Wendy smiles and offers the booktrailer a slice of cake so there is a tea pause whilst I take a bite and savour a taste of tea as well. We have posh and rather ornate tea cups it has to be said. All that is missing is our taffeta dresses otherwise I would really feel like one of the people in the book –
The setting of Gibside is a stunning one. What is your link to the area if any?
I love Gibside and am very impressed by all the work the NT is doing to restore and revive the estate. It’s marvellous that whereas once it was the realm of one rich family, now it can be enjoyed by so many. I don’t have a personal link with the north-east but my husband is from Newcastle and I’ve always enjoyed visiting the region.
What captivated you about writing about a true life tale set in such a significant area?
I was drawn to writing the story of Mary Eleanor Bowes simply because it was such a startling, shocking and scarcely credible story. It’s a marvellous narrative to unfold because she triumphs against such odds. I think the story has great resonance for us today when women in the western world enjoy much greater rights although there are still many disadvantages. I was thrilled to find that there were abundant archives to give life to the story in Durham County Record Office and also at Glamis Castle.
The story tells us so much about the fate of women and marital abuse. What do you admire about Mary Eleanor Bowes?
Mary Eleanor was not the most admirable woman in her youth. She was vain, imperious and a distant mother – like so many of the rich and aristocratic people of her time. But through her suffering in her second marriage she came to realise the importance of loyalty, justice and service to others and appreciated the importance of her children. I think she was incredible to find such inner strength – physically and mentally – to triumph over her brutish husband.
Imagine you were invited to a dinner with the Bowes family when Gibside was in its glory days. Which other historical figures would you like to invite and why?
That’s a good question! There were so many fascinating and eccentric people in Georgian times. I would love to meet John Hunter, the 18th- century surgeon who was the subject of my first book, The Knife Man, and a friend of Mary Eleanor’s.
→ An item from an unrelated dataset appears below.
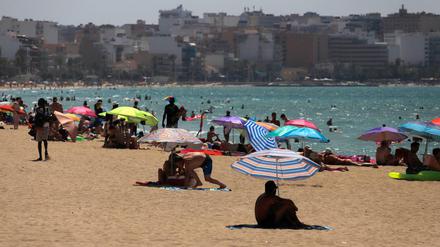 Traumziel für viele, nun womöglich einfacher erreichbar dank neuer EU-Regeln: Strand auf Mallorca.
It would be marvellous to meet writers of the period, including David Garrick, Samuel Johnson, Fanny Burney, Maria Edgeworth and Mary Wollstonecraft.
Which parts of the Gibside estate did you enjoy visiting the most?
I usually visit Gibside at least once a year when I give a talk on Mary Eleanor Bowes. I simply love walking in the calm and beautiful grounds. This year for the first time I discovered the river walk and came upon the house, Gibside Hall, from the back. It looks very eerie from that angle. It’s always a treat to visit the Greenhouse – now called the Orangery – and imagine how it would have looked when it was filled with Mary Eleanor’s exotic plant collection.
Thanks Wendy. Its always good to hear what the authors think about their stories and why they chose to write it. I can definitely see why you would do so here. Its amazing what you find out about places and thank you for bringing this story alive via your book. It really deserves to be heard!
Now Wendy has a book out at the moment How To Create the Perfect Wife – and yes the story is as strange as it sounds – there are men who want and try to create the perfect wife. Unbelievable – so as this football season starts…..take heart that yours is just a football fanatic and not an ‘heir to a sizeable fortune and a student of law at Middle Temple called Thomas Day’ who decides to create his perfect woman.